O carnaval de 2005 foi trash como todo carnaval deveria ser ou é. Fui a um lugar absurdo, no meio do nada, com uma cantora de um quê trágico tal qual a Cherry de Bus Stop. Entre uma marchinha e outra, dava alguns chutes para colocar a iluminação capenga no seu lugar. Animadíssima em sua minúscula roupa de oncinha, como se aquele palco côncavo, ameaçando cair a cada pulinho seu, fosse o mais glamuroso de Las Vegas. Ou se ria ou chorava por toda pobreza humana. A certa altura da noite, ouvi de uma senhora, daquelas de fala grossa, camisa dobrada na altura do cotovelo e cabelo repicado: ”Que pena que hoje ela tá cantando sambas. Bom mesmo é quando canta Madonna. Mostra até os peitos...” E não seria eu mesmo se, após alguns graus etílicos acima da sociedade, não ficasse munido daquela piedade de quem vai a partir dali salvar o planeta e aproveitasse o intervalo para ir cumprimentar a “cantora” pelo maravilhoso show e, claro, avisar que não arredaria o pé dali se não a ouvisse cantar Madonna. E foi constrangedora a honra de, perante tão ilustre platéia que acabara de se esbaldar com “encaixa, encaixa, encaixa, remexe e agacha”, ter La Isla Bonita dedicada só pra mim!


[Ouvindo: Danny Elfman – Augustus Gloop Song]

segunda-feira, 6 de fevereiro de 2006

A Morte e a Donzela



Já me choquei menos com a associação da beleza com a mais sóbria burrice feminina. Claro que inteligência é relativíssima, e me parece ser uma questão de valores. Não se perdoa, claro, um universitário que não consiga ler e entender um texto simples, e não são poucos. Ou aquele nerd que teve sua cueca puxada até o pescoço nos intervalos do ensino básico e, ao entrar na faculdade, adere entusiasticamente ao uso da maconha para tentar se tornar menos imbecil. Liberem a maconha e passarão a dar a bunda! Se ainda não o fazem, of course. Mas eles não me irritam mais que a mocinha possuidora de ancas de matrona e está certa que isso já lhe basta para se dar bem na vida. Fico com as marafonas da esquina, mais autênticas no uso financeiro dos seus atributos. A burrice masculina aparenta ser mais camuflada, até por meio de sobrevivência social.
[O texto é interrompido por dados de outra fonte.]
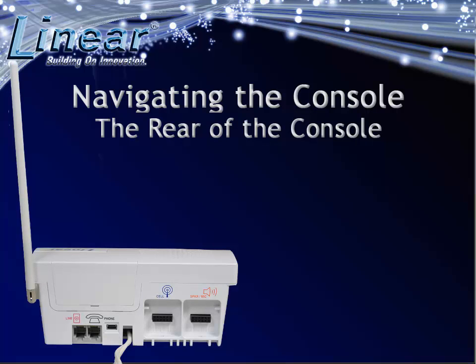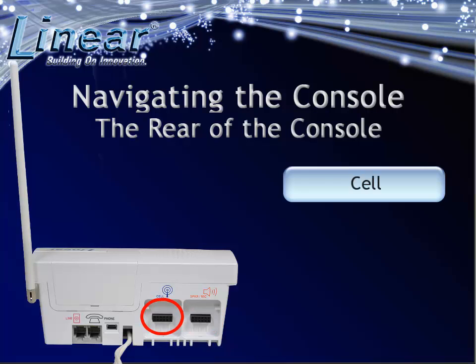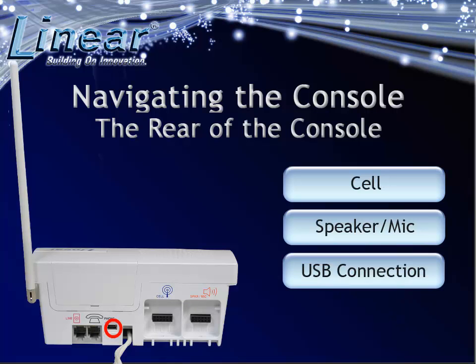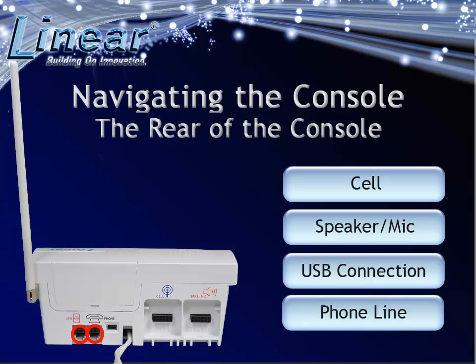On the rear of the console, you will find the areas where optional modules can be installed. The one on the left is for the cell, and the one on the right is for the wireless remote speaker microphone. To the left of the optional module areas, you will find both the USB programming connection and telephone line connections.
São eles que arquetipicamente irão prover o sustento da família, enquanto a finada beldade terá que lavar, passar, amamentar e, sonhando com seu passado glorioso de ex-quase-rainha da uva, esperar o papaizinho chegar em casa, cheirosinha. Aqui ainda é assim... Tinha um conhecido que se encantava com o gênero e tascou-me, como bofetada, quando indaguei como podia travar um mínimo diálogo: "Pra discutir o novo filme do Almodóvar, tenho amigos como você". Estamos chegando já já à década de 50!